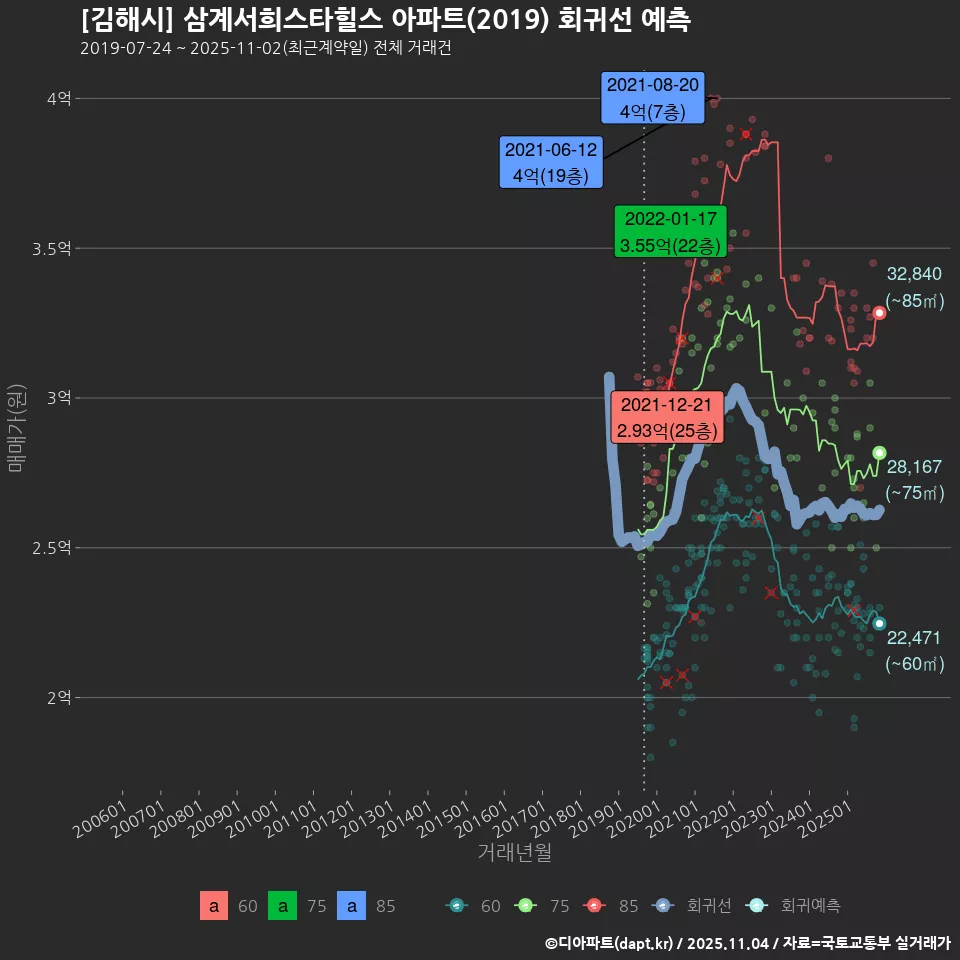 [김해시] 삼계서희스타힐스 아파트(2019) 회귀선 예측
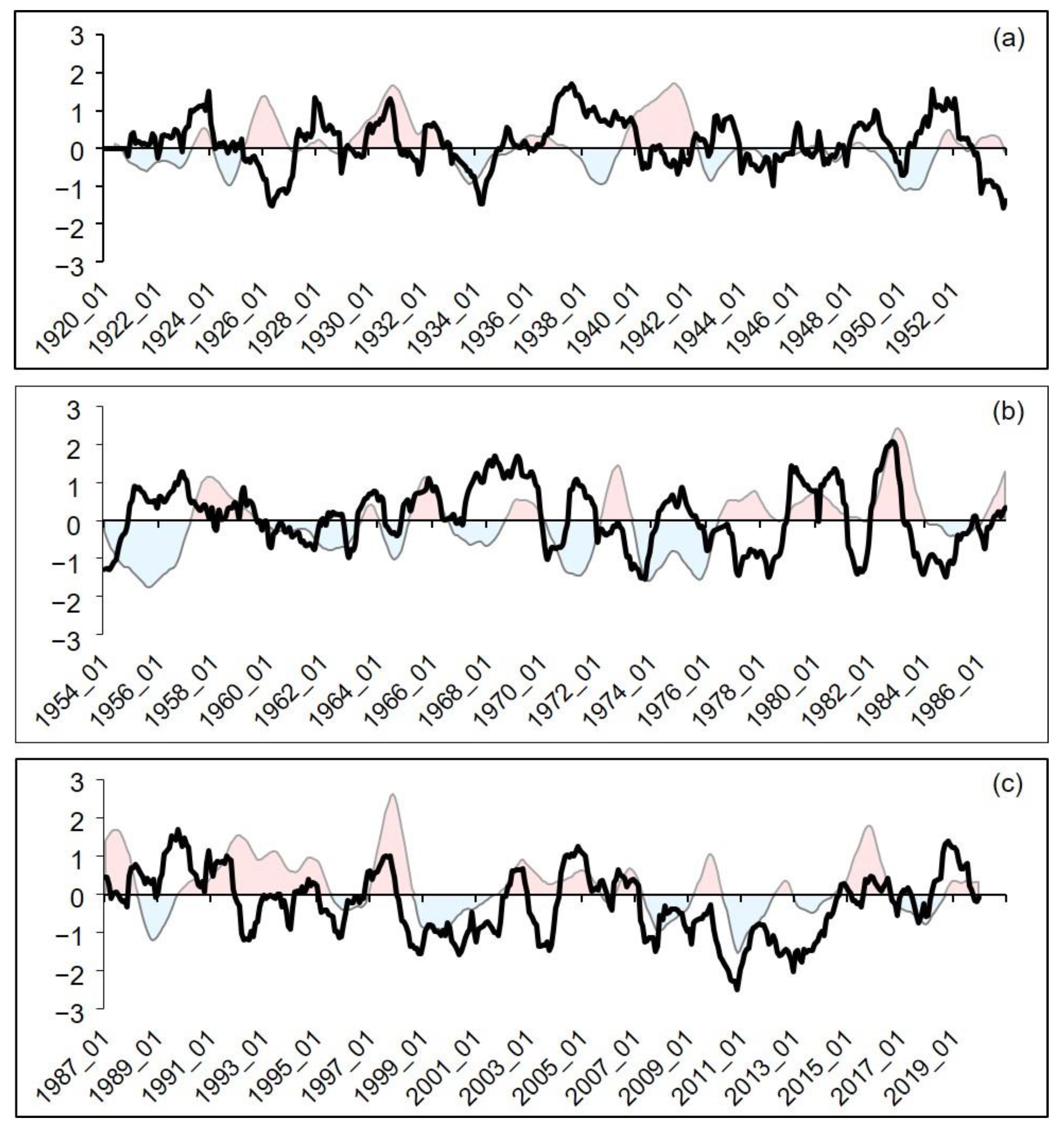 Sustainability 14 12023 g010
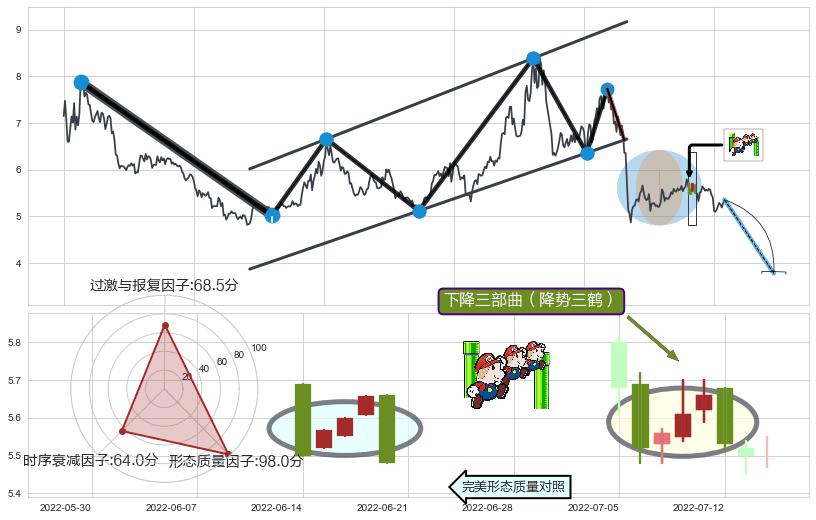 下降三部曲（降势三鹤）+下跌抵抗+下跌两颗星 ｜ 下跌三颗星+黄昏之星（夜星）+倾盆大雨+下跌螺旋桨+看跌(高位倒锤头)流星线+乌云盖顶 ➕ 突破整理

======

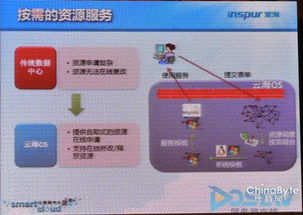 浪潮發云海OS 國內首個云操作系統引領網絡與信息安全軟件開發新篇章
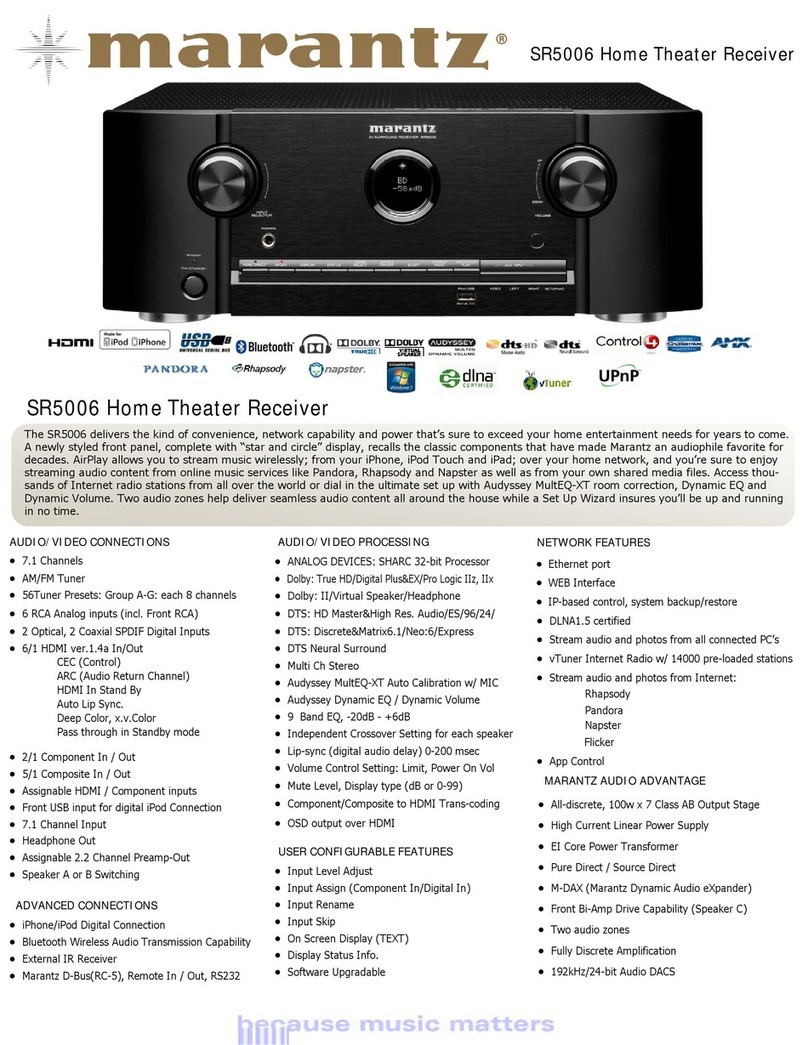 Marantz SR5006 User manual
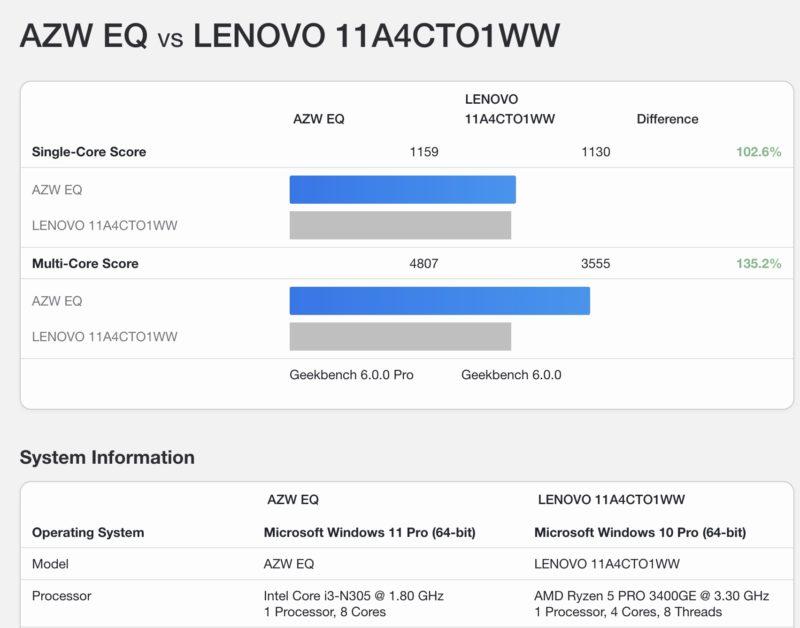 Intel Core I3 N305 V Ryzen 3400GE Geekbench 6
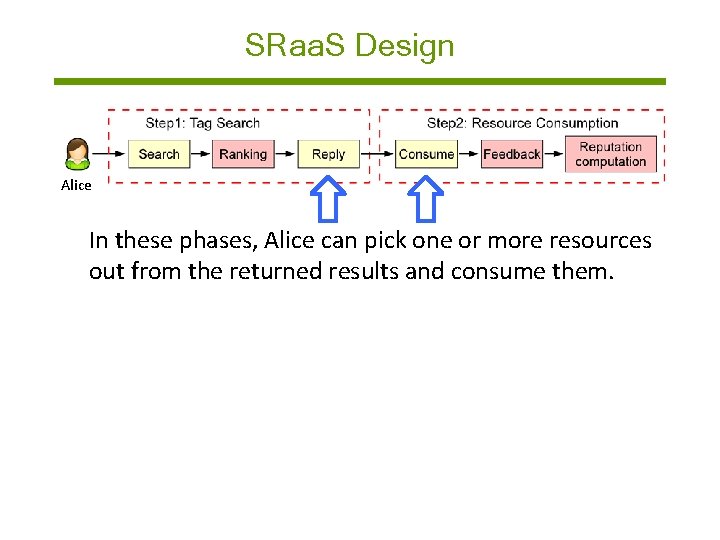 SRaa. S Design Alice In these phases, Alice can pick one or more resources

======

◆ EXERCISE BRIEF ◆
Copy the lines above exactly, starting at the one with "Marantz SR5006 User manual" and ending at the one with "SRaa. S Design", both included. Leave out any pictures and add nothing else.

◆ YOUR SOLUTION ◆
 Marantz SR5006 User manual
 Intel Core I3 N305 V Ryzen 3400GE Geekbench 6
 SRaa. S Design Alice In these phases, Alice can pick one or more resources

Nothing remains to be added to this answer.